The book does have some problems, the most notable of which is the severe case of insta-love between Bridley and the amnesic foreigner Finn, who washed up on their stretch of beach. Insta-love is one of my bigger pet peeves, and while we are given a magical reason for it a bit late in the story, it was still a plot point that could easily have been left out of the final draft. It felt a bit as if the author thought there should be a romance, and so she included one, even though it wasn’t the best thing for the narrative. Finn is not a bad character, mind; he has a compelling personality, brings a rather unique perspective to the story, and his inclusion is necessary to the plot advancement. I just don’t feel that he fit as a love interest.

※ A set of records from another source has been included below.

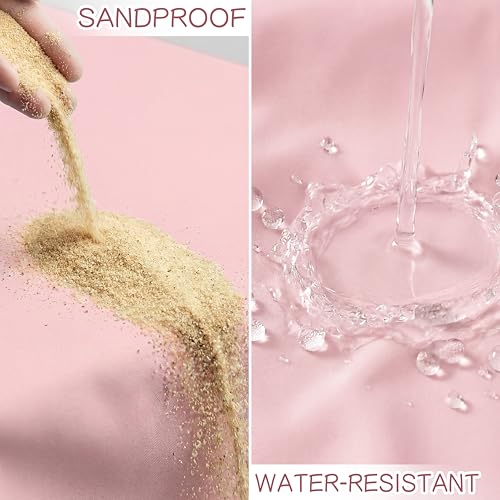Aroveea Beach Blanket Waterproof Sandproof 78''X81''/10'X9' Oversized Mat - color: Pink, size: 78''x81''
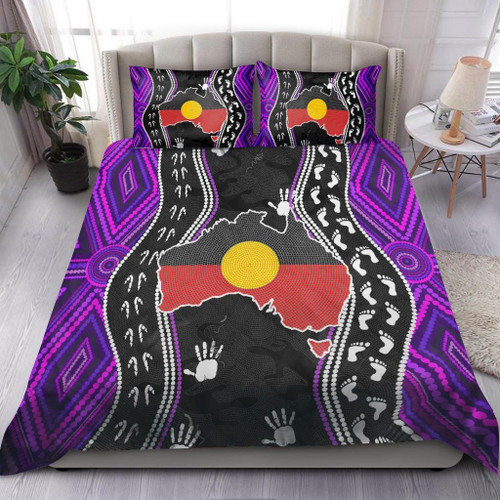 Aboriginal Australia Indigenous Map Purple Duvet Cover Bedding Set
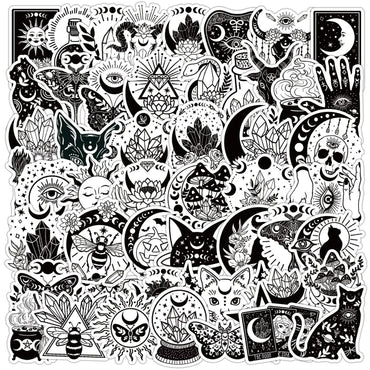 10/50PCS Black White Gothic Magic Witch Cartoon Stickers Halloween Tarot Goth Decals DIY Phone Laptop Luggage Skateboard Sticker (ONLINE ORDER ONLY)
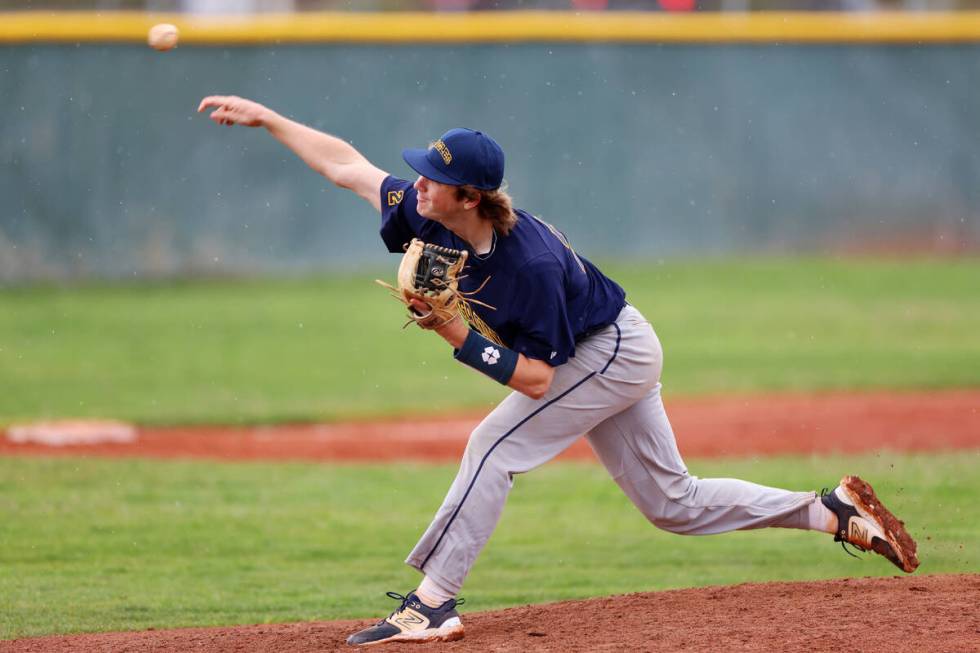 Boulder City's Kanon Welbourne (22) pitches the ball during a spring break baseball tournament ...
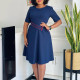 New Fashionable Short sleeved Solid Color High Waist Big Swing Foreign Trade African Dress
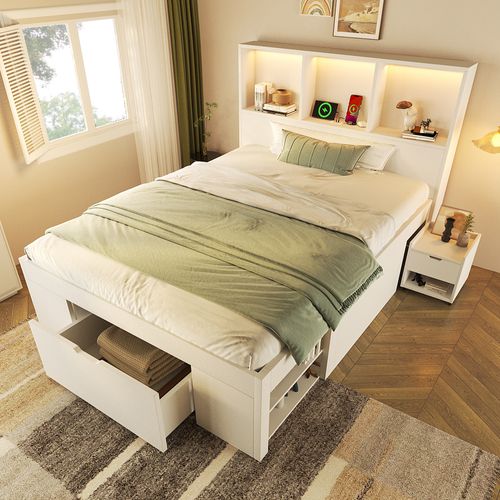 Lit Simple 90x200 Cm, LED Avec USB Et Type C, 1 Tiroir, 7 Niches, 2 Chevets, Bois, Blanc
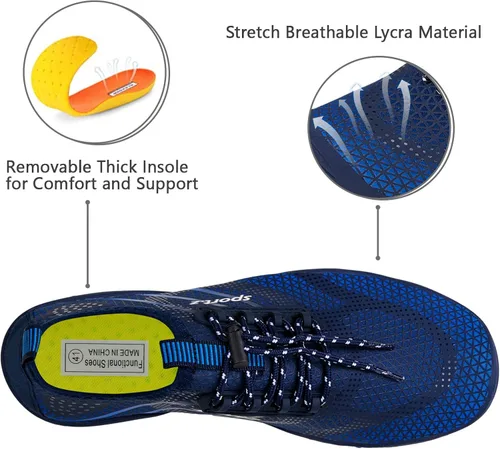 Vista 2 de WateLves - Zapatos de agua para hombres y mujeres, para natación, para la playa, la piscina, surfear, hacer yoga o aeróbics acuático, calcetines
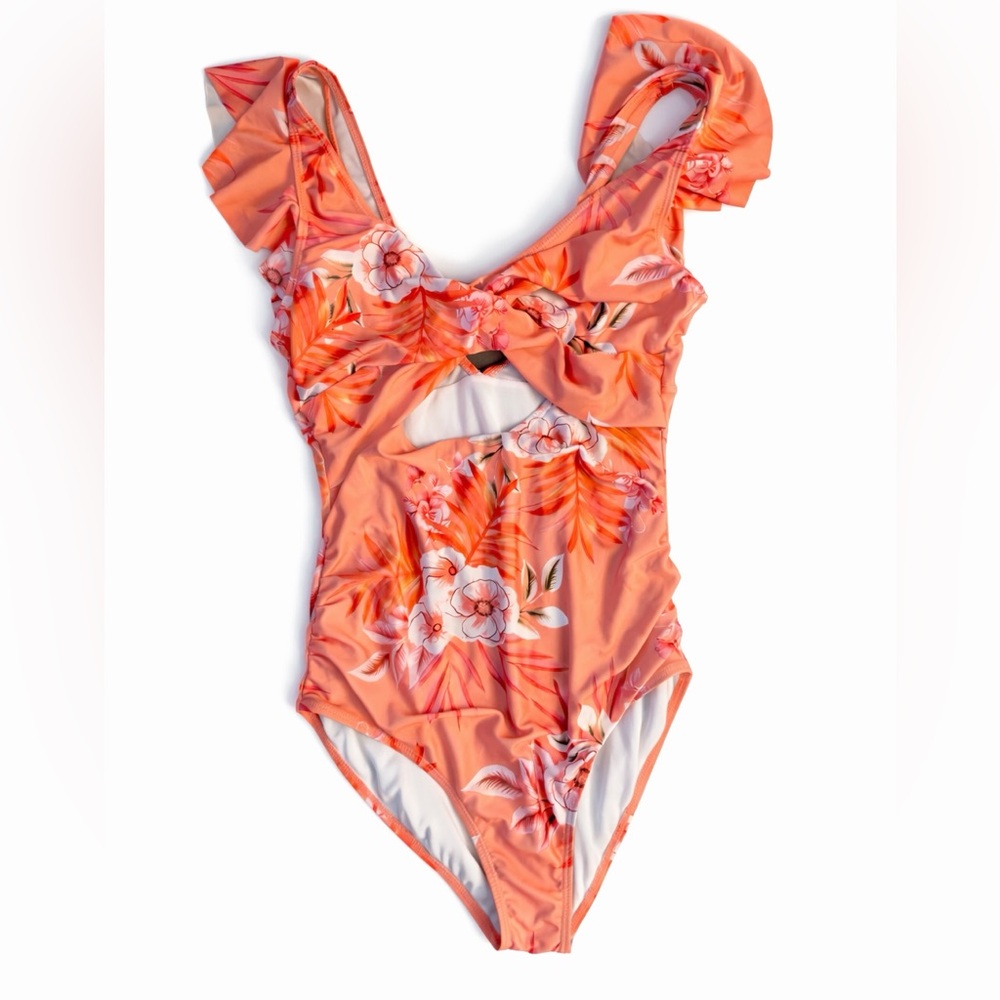 Floral One-Piece Swimsuit - Coral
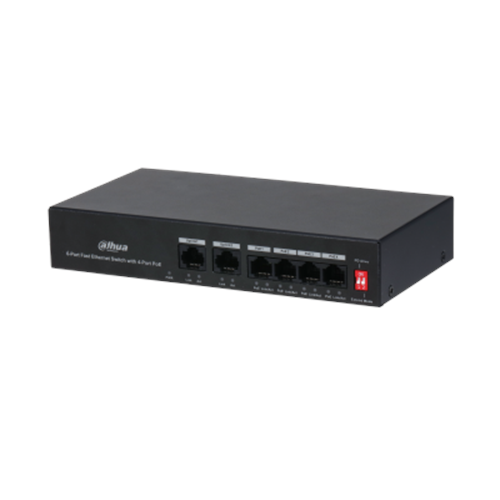 DAHUA DH-PFS3006-4ET-36 6 Port Mbit 4 Port PoE 36W 2xMbit Uplink Desktop Yönetilemez Switch
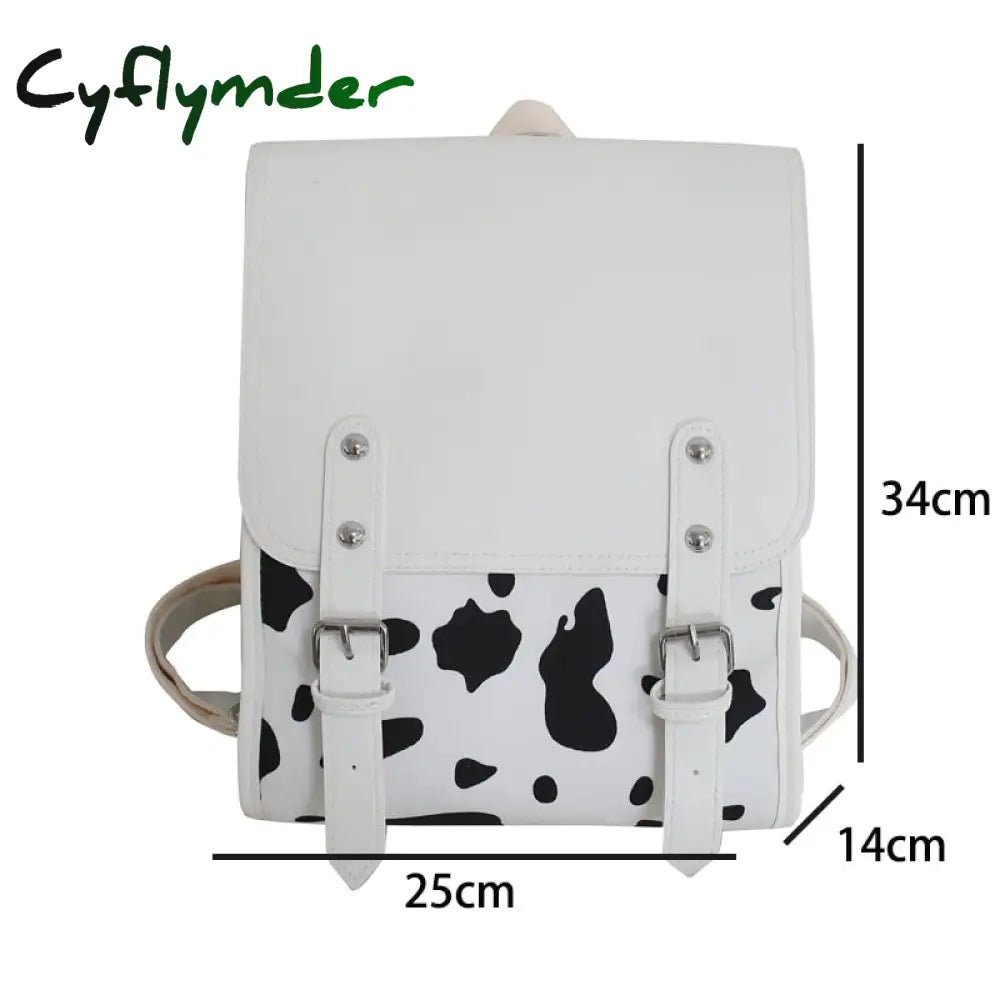 Cyflymder Backpacks Women Leather Cute Zebra Backpack Female White Back Pack Black For Teen Girls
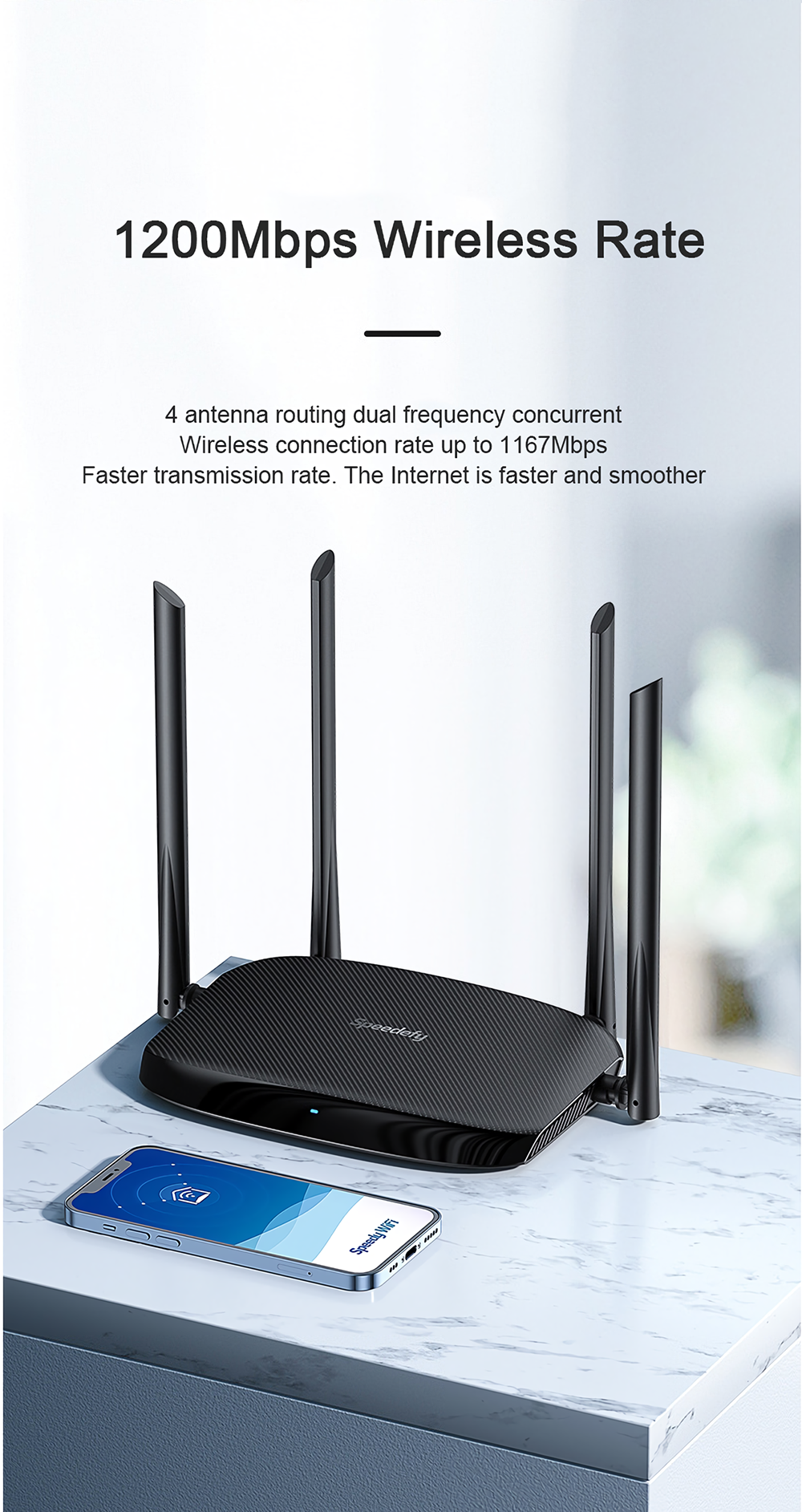 Speedefy-K4-AC1200-Dual-Band-Gigabit-WiFi-Router-24G-5G-Support-IPv6-MU-MIMO-4-6dbi-Antenna-Wireless-1906370-2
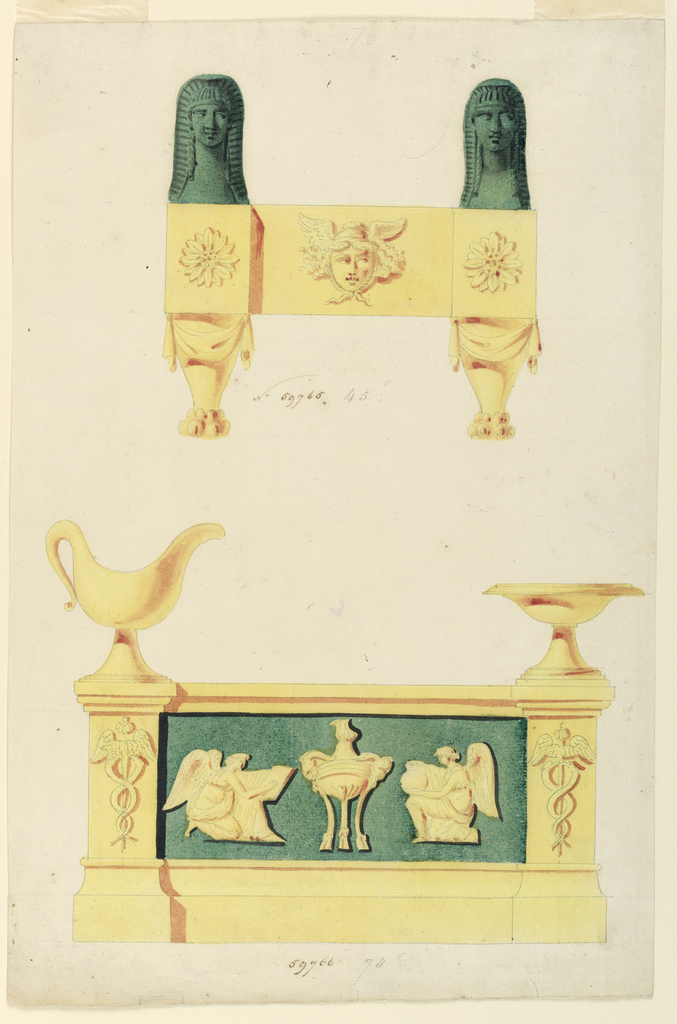 Drawing, Design for two andirons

Fear the Drowning Deep is one of those books I enjoyed really for no other reason than it hit upon several areas that are happy buttons for me. Marsh deals with the superstitions surrounding the village “witch” in a well-researched manner, even providing accurate properties for the herbs and trinkets that Bridley gathers for Morag. The primary myths addressed in Drowning, that of the Glashtin, the shapeshifting waterhorse, and of the Fossegrim, the ghostly fiddler on the waves whose music calls a new bride to be drowned every night, are very well portrayed. The descriptions of the fossegrim in particular were very well done, and some of the more frightening in the book. The entire time I was reading this story, I had SJ Tucker’s “Glashtyn Shanty” running through my head- the mood of which, by the way, fits Drowning perfectly. Books that bring their own soundtracks unbidden to mind, are, usually, a success for me.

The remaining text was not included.